Что мог тут сказать Ли Цзинсинь? В таком деле ни собственная находчивость, ни история философии тебе не помощник, в душе полный разброд, и думал он только об одном: дочери нет дома, а без нее их двухкомнатная, четырнадцать и восемь квадратных метров, квартирка пуста, совсем пуста. Рано или поздно этот день должен был прийти, но настолько рано… Как поступить? Поначалу решил перевести в шутку, подтрунить над собой и женой: дескать, «Фанфан-то, скромница, лишь в двадцать один дружком обзавелась. А тебе, когда на свидания ко мне бегала под четвертую иву в Шичахай[53], и двадцати не было!»
Не до шуток сейчас. А какой она была тогда, под ивами на берегу Шичахай, с толстенными черными косами, изящная, безмятежная! Ну к чему сейчас психовать? Лишь через год, убедившись, что любят, что это на всю жизнь, они по всей форме объявили родителям, и что же, старики так же переполошились, били миски, руки резали? Когда они поженились, им вдвоем было меньше, чем сейчас каждому из них. Тогда еще не агитировали за поздние браки. Он, разумеется, всецело за нынешнюю демографическую политику, и, даже если будет еще круче, еще строже, народ поймет… Но любовь — это же совсем другое. Какую девушку не волнует весна? В каком юноше не пробуждаются страсти? Им нужна, точнее, они жаждут любви. Как сокрушался о собственной дочери старина Чжоу, самый припозднившийся их сегодняшний гость. Держал он ее в строгих правилах, в двадцать два влюбилась, но «возраст не вышел», и по доброте душевной принялись с обеих сторон на нее давить — осуждать да убеждать. Теперь дочери тридцать один, и знакомили ее, и сватали, а что толку: ей приглянется — родителям нет, им приглянется — дочь ни в какую, старики в панике, спят и видят дочку замужем, уже согласны на любого, чуть не официальную гарантию невмешательства дали, кого хочешь приветим, а дочь и говорить на эту тему не хочет, чуть кто заикнется — поворачивается и уходит. В дневнике — мать вчера тайком заглянула — записала, что твердо решила остаться одинокой. Старый Чжоу слезу пустил, рассказывая об этом.

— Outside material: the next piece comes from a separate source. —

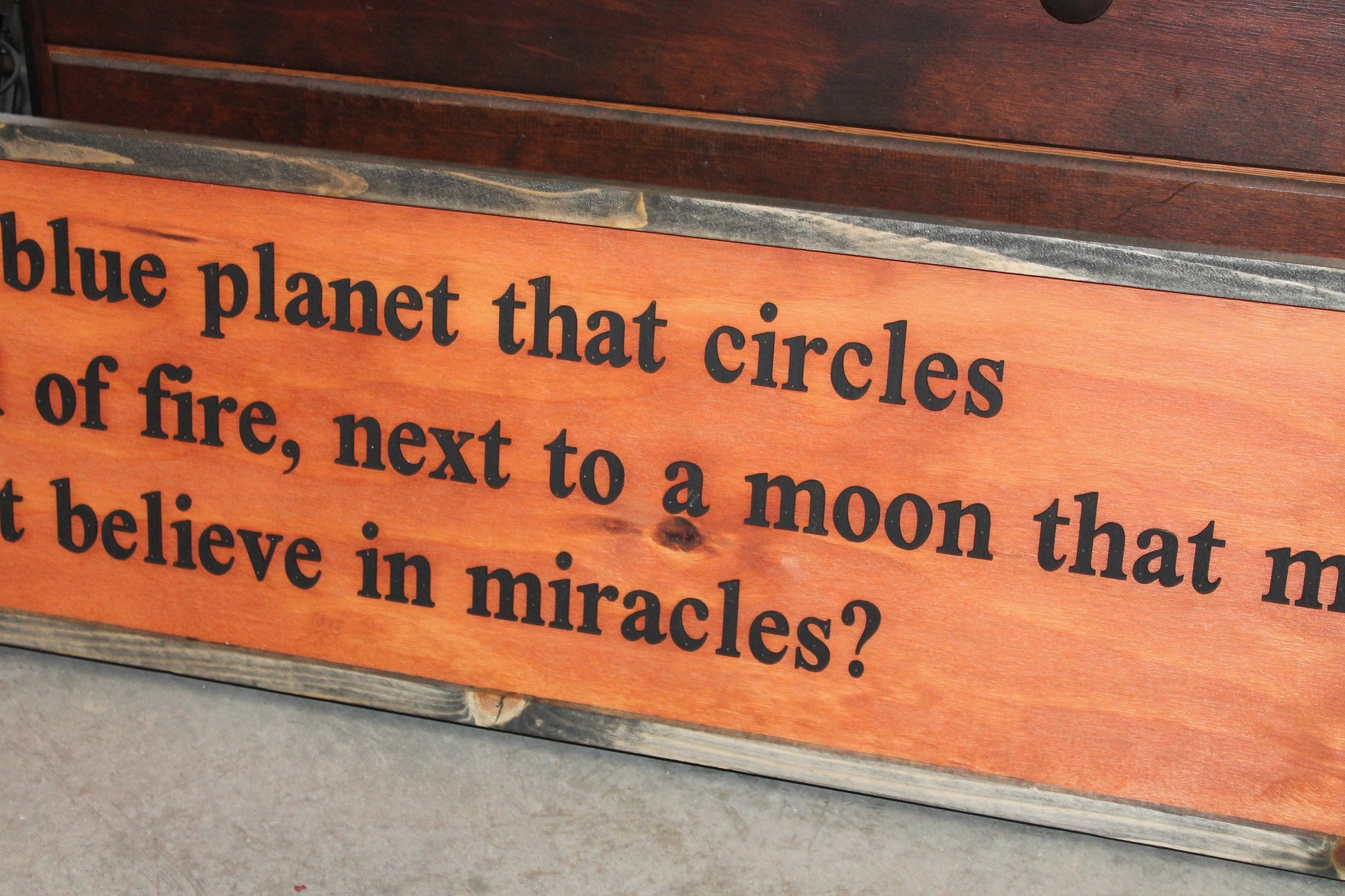 Believe in Miracles Earth Sun Good Things Good Vibes Inspirational Faith Fire Water Handmade 3D Raised Sign Home Decor Happiness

Сто седьмой троллейбус… Что же это за парень? Неужели придется примириться с шофером? В троллейбусе познакомились? Вот это класс обслуживания! Жажда творить добро!
— Не волнуйся, разберемся, разберемся, непременно разберемся… — Ли Цзинсинь отчего-то чувствовал себя виноватым перед Ваньчжэнь, словно не то что-то сделал.
И, наверно, вид его в этот момент был таким забавно-растерянным, что Ваньчжэнь улыбнулась, и он улыбнулся в ответ, правда, это не развеяло облачка грусти на ее лице.